Secondly, perhaps we must rethink our view of the gospel. Really, we must stop trying to
make the God-man less offensive to the modern mind. Offense is necessary, and
must come, if decision is to ensue, and faith or rejection are to follow.
Moreover, we should be understanding if, at first, people have trouble hearing our
message. We cannot presume that because we know Jesus Christ as God, that everyone
should immediately see what we see. And we must not be dismayed if, at first,
the people to whom we speak find it difficult to accept that a carpenter of
Galilee could ever actually be Messiah God. His is still a veiled glory, one
revealed only to faith. And he will not have it otherwise.
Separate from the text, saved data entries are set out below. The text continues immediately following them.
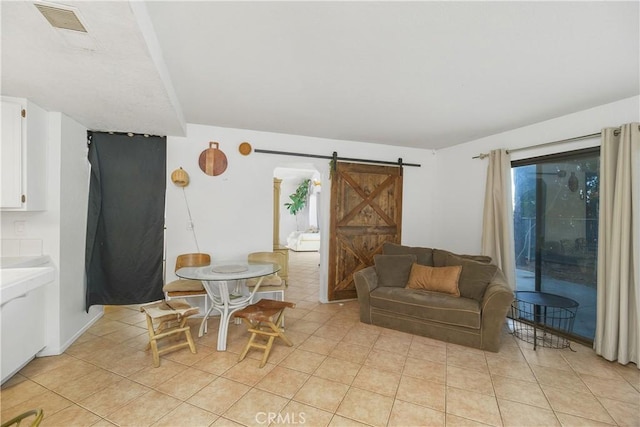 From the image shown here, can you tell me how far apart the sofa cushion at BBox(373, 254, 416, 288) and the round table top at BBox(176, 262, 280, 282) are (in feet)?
4.94

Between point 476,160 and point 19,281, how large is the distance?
15.9ft

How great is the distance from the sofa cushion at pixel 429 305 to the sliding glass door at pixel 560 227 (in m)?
1.14

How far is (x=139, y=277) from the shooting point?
3.34 metres

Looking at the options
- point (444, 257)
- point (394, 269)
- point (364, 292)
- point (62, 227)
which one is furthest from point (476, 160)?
point (62, 227)

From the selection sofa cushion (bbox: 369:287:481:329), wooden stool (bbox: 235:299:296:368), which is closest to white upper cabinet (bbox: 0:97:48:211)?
wooden stool (bbox: 235:299:296:368)

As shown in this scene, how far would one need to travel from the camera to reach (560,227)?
3.15 m

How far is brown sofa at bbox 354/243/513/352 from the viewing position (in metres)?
2.72

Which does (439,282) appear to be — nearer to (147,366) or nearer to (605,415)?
(605,415)

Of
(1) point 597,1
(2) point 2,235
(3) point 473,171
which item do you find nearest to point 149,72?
(2) point 2,235

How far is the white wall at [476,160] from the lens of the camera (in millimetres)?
2717

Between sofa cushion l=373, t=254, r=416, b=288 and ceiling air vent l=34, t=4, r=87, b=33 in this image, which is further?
sofa cushion l=373, t=254, r=416, b=288

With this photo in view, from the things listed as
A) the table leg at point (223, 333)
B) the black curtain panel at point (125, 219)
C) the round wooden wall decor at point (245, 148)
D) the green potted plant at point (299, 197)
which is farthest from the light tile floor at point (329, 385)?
the green potted plant at point (299, 197)

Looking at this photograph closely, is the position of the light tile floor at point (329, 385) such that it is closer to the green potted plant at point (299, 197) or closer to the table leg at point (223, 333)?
the table leg at point (223, 333)

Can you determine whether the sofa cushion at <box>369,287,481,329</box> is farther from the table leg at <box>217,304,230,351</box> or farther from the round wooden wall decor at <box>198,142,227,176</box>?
the round wooden wall decor at <box>198,142,227,176</box> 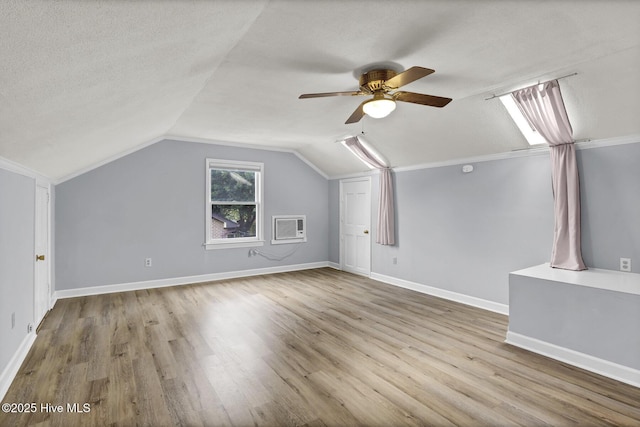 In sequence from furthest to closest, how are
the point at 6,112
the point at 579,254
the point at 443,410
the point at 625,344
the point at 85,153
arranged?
the point at 85,153 < the point at 579,254 < the point at 625,344 < the point at 443,410 < the point at 6,112

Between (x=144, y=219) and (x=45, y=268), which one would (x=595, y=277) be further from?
(x=45, y=268)

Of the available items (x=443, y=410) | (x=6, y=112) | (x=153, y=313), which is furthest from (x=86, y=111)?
(x=443, y=410)

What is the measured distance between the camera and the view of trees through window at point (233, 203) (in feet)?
19.7

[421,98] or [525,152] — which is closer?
[421,98]

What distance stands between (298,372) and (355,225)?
4.17 meters

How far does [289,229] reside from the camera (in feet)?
22.0

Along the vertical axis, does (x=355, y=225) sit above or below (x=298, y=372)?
above

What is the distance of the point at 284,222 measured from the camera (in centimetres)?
666

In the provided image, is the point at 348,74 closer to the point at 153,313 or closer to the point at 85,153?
the point at 85,153

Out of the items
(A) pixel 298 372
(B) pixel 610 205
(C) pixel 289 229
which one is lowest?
(A) pixel 298 372

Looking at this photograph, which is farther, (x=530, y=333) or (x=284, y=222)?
(x=284, y=222)

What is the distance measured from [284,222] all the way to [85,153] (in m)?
3.66

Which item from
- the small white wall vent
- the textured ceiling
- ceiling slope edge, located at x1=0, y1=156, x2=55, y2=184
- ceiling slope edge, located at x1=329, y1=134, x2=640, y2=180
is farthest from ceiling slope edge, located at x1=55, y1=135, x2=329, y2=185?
ceiling slope edge, located at x1=329, y1=134, x2=640, y2=180

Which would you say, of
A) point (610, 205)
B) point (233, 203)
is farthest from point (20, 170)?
point (610, 205) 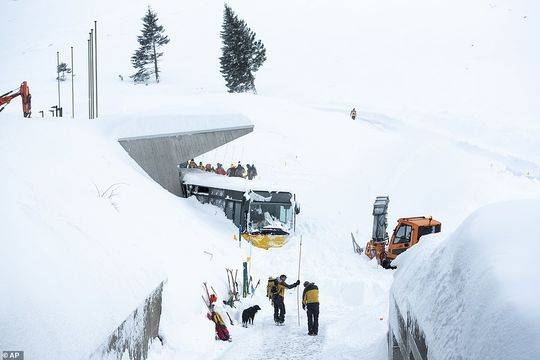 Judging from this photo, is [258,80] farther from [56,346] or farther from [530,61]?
[56,346]

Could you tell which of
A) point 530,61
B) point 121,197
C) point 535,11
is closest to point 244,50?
point 530,61

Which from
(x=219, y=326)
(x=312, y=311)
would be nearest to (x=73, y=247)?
(x=219, y=326)

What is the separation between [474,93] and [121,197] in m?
45.3

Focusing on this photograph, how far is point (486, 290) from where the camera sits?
467 centimetres

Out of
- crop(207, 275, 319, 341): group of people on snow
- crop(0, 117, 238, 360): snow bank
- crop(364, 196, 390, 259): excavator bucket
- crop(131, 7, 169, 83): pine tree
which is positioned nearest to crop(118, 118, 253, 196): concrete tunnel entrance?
crop(0, 117, 238, 360): snow bank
Thirdly, perhaps we must improve our imagination a bit. To see Christ rightly, we must
stop seeing him in his earthly walk as if he were the figment of Sunday School
illustration, a man too nicely assembled to be real, too sweet and sickly to
live in the real world, floating blithely a few feet above terra firma. He was a
man of flesh and bone like we are. If we forget this, we make him too
distant, too sanitized, too unreal, too obviously God to be man. When he
partook of the same flesh as men, he did it in actuality, not superficially.
Let the Offense Stand
But finally, in sum, we must not try to banish the paradox of one who was truly,
fully God and truly, fully man, just because we struggle to understand it, and
find it inconvenient to unpack to those to whom we may wish to explain our
faith. Salvation comes through the offense, and pre-eminently, through the
unspeakable mystery of the God-man on a cross. Lose the offensiveness of that,
and we do away with faith. Do away with faith, and we do away with the very
possibility of salvation.
So we need to remember, and boldly to tell people, that Jesus
of Nazareth is God, to tell it plainly, bluntly and without apology. It is
not our job to remove the offense that people feel in not being able to
understand that. It is for us to bring them to the moment of choice, of
decision, and nothing more. They must have their own encounter with the
God-man; and softening that in any way risks taking away the very basic dynamic
of salvation. This, we must not do. He is that “stumbling
stone, and rock of offense”. Let the offense stand.
Finally, we read, “Great is the mystery of godliness: God
was manifest in flesh.” There’s the paradox: there is the sign: “God”, but
“in flesh”. Both sides of that equation are absolute.